## 1. Policies: The Agent's Playbook 

### What is a Policy?
- My "decision-making rulebook" - tells me what to do in each situation
- **Input:** Current state (s)  
- **Output:** Action to take (a)

### Policy Types:
| **Deterministic Policy**      | **Stochastic Policy**          |
|-------------------------------|--------------------------------|
| `π(s) = a`                    | `π(a∣s)=P(a∣s)`                |
| Always choose same action     | Probability distribution      |
| Simple but rigid              | Flexible but complex          |
| Example: "Always turn left"   | Example: "Turn left 80% of time" |

> Key insight: Policies ONLY care about current state - not history or time! ⏱

## 2. Value Functions: The Crystal Ball 

### State-Value Function v(s)
- "How good is this state?"
- Expected total future rewards from state s:  
  `v_π(s) = 𝔼[G_t | S_t = s]`  
- Example: In chess, value of having queen advantage

### Action-Value Function q(s,a)
- "How good is this action in this state?"
- Expected total future rewards after taking a in s:  
  `q_π(s,a) = 𝔼[G_t | S_t = s, A_t = a]`  
- Example: Value of moving pawn vs castle in specific position

### Why We Need Them:
1. **Don't wait for final outcome** → Predict future early
2. **Handle randomness** → Account for stochastic environments
3. **Compare alternatives** → Make optimal decisions

## 3. Bellman Equations: The RL Secret Sauce 

### State-Value Bellman Eq
`v_π(s) = ∑_a π(a|s) ∑_s' ∑_r p(s',r|s,a) [r + γv_π(s')]`

**Translation:**  
Value of state s =  
[Avg over actions I might take] ×  
[Avg over possible next states/rewards] ×  
[Immediate reward + Discounted value of next state]

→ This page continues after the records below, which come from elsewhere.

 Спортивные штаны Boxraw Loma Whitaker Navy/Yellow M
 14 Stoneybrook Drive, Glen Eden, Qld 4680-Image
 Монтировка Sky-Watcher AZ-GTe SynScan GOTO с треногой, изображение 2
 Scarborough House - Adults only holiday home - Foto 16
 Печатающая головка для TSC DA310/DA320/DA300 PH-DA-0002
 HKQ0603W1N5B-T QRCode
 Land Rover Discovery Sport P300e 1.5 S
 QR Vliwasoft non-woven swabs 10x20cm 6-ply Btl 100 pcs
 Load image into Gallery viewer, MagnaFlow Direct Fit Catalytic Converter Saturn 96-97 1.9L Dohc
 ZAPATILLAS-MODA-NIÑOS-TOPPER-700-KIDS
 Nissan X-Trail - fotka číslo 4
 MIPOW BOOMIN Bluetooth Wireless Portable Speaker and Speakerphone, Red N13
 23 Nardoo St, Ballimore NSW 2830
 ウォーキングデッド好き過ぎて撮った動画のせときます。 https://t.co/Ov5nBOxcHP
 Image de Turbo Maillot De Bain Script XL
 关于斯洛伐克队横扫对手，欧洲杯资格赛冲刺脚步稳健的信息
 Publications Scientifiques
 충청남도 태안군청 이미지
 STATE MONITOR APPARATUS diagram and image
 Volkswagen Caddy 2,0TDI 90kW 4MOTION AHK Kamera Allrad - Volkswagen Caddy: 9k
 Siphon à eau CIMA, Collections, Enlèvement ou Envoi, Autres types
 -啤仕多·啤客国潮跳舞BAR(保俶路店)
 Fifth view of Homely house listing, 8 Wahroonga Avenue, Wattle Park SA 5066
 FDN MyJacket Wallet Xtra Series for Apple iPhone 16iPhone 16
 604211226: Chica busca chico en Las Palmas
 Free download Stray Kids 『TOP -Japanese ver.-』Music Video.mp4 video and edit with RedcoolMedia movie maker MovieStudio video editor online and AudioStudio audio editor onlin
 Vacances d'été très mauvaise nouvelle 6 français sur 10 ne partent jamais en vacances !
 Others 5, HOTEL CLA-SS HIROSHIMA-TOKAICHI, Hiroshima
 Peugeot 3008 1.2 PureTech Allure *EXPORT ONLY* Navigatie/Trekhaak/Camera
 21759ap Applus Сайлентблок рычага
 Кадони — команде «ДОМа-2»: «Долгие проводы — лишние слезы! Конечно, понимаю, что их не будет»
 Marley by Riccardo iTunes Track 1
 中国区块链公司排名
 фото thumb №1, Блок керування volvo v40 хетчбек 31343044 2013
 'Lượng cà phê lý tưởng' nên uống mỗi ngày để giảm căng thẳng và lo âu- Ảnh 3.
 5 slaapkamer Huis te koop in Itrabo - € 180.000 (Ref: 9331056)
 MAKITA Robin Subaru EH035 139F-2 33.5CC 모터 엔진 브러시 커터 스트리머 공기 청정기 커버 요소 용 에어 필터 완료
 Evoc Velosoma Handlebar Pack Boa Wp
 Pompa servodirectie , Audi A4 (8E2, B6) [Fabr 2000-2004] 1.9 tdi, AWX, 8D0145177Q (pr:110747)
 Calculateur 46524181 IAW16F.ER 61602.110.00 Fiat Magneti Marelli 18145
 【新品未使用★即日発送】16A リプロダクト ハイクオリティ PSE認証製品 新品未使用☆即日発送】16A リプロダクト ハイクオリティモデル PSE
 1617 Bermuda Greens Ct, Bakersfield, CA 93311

### Action-Value Bellman Eq
`q_π(s,a) = ∑_s' ∑_r p(s',r|s,a) [r + γ ∑_a' π(a'|s') q_π(s',a')]`

**Translation:**  
Value of (s,a) =  
[Avg over possible outcomes] ×  
[Immediate reward + Discounted value of next action choices]

> My cheat: Both equations are just "reward now + discounted future value" 

## 4. Optimal Policies: The RL Endgame 

### What Makes a Policy Optimal? (π*)
- Beats or equals ALL other policies in EVERY state
- Has highest possible value functions:  
  `v_*(s) = max_π v_π(s)`  
  `q_*(s,a) = max_π q_π(s,a)`

### Optimal Value Functions:
`v_*(s) = max_a ∑_s' ∑_r p(s',r|s,a) [r + γv_*(s')]`  
`q_*(s,a) = ∑_s' ∑_r p(s',r|s,a) [r + γ max_a' q_*(s',a')]`

### Key Properties:
1. **Universality:** Same v* and q* for all optimal policies
2. **Greediness:** Optimal policy is greedy w.r.t q*  
   `π*(s) = argmax_a q_*(s,a)`
3. **Recursive Magic:** Future optimal ⇒ Current optimal

## Student Cheat Sheet 📝

| **Concept**          | **Formula**                      | **When to Use**                  |
|----------------------|----------------------------------|----------------------------------|
| State-Value          | `v_π(s) = 𝔼[G_t⎜S_t=s]`         | Evaluate positions               |
| Action-Value         | `q_π(s,a) = 𝔼[G_t⎜S_t=s,A_t=a]` | Compare moves                    |
| State Bellman        | `v_π(s) = ... + γv_π(s')`       | Value iteration                  |
| Action Bellman       | `q_π(s,a) = ... + γq_π(s',a')`  | Q-learning                       |
| Optimal Value        | `v_*(s) = max_a[...]`           | Finding best strategy            |

> Bellman equations ALWAYS have that γ discount! Don't forget it!